Sudden loss of vision may be due to bleeding inside your eye. A vitreous hemorrhage can cause loss of vision in patients with diabetes. Sub-retinal hemorrhage may occur in patients with macular degeneration.

Blood in your eye can mean many things to different people.  The most common “blood” is the sudden appearance of fire engine red blood on the outside of the.  It is called a subconjunctival hemorrhage.  It is usually scary, painless, ugly and benign.  As a black and blue bruise, it will clear in about 1-2 weeks.

I am talking about blood inside your eye.

Vitreous Hemorrhage – In patients with diabetic retinopathy, the sudden appearance of “floaters” can be signs of a vitreous hemorrhage.  Patients with proliferative diabetic retinopathy, by definition, have developed neovascularization, or abnormal blood vessels, somewhere inside the eye.  Most commonly, the neovascularization, is found on the surface of the retina, but can also be present on the optic nerve and iris.

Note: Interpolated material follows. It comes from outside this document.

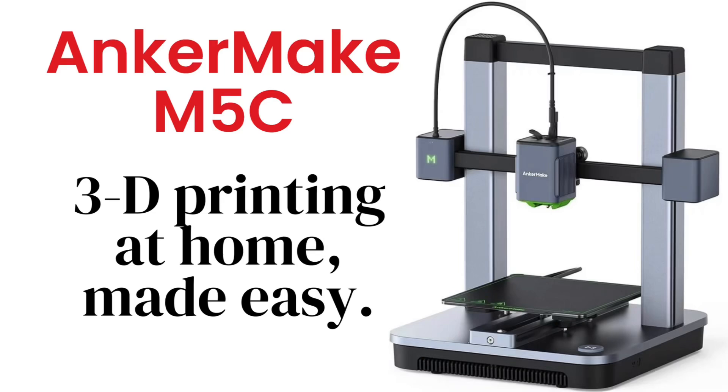Hey y'all, this is my unboxing and overview video of the Anker Make M5C 3D printer. I've had this little machine for quite a while, gone through two rolls of filament, and I'm impressed with everything about it. I do recommend it to those looking to start their journey into 3D printing. In this video you're not going to see a big fancy studio or workshop, because it's not needed with this machine.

These blood vessels are very fragile and may break open and bleed causing blood to accumulate in the vitreous.

A vitreous hemorrhage can cause dramatic loss of vision as it physically may block light from hitting the retina.  It is not an emergency despite the significant loss of vision.  As long as the retina is attached, the hemorrhage may be observed for weeks or even months.  It causes no damage, just anxiety.

A vitreous hemorrhage may also be caused by a tear in the retina.  Retinal tears may occur in anyone.  So, in diabetic patients with a vitreous hemorrhage……….As long as the retina is attached and without a tear, we can wait.

Laser treatment to the retina is the antidote for proliferative diabetic retinopathy.  If there is too much blood in the vitreous, it may not be possible to laser the retina.  Sometimes we can wait for the hemorrhage to absorb and then treat with laser in the office.  Other times, the hemorrhage does not clear and we may choose to operate, that is, perform a “vitrectomy.”  In this case, the blood is mechanically removed and then the retina is treated with laser during the operation.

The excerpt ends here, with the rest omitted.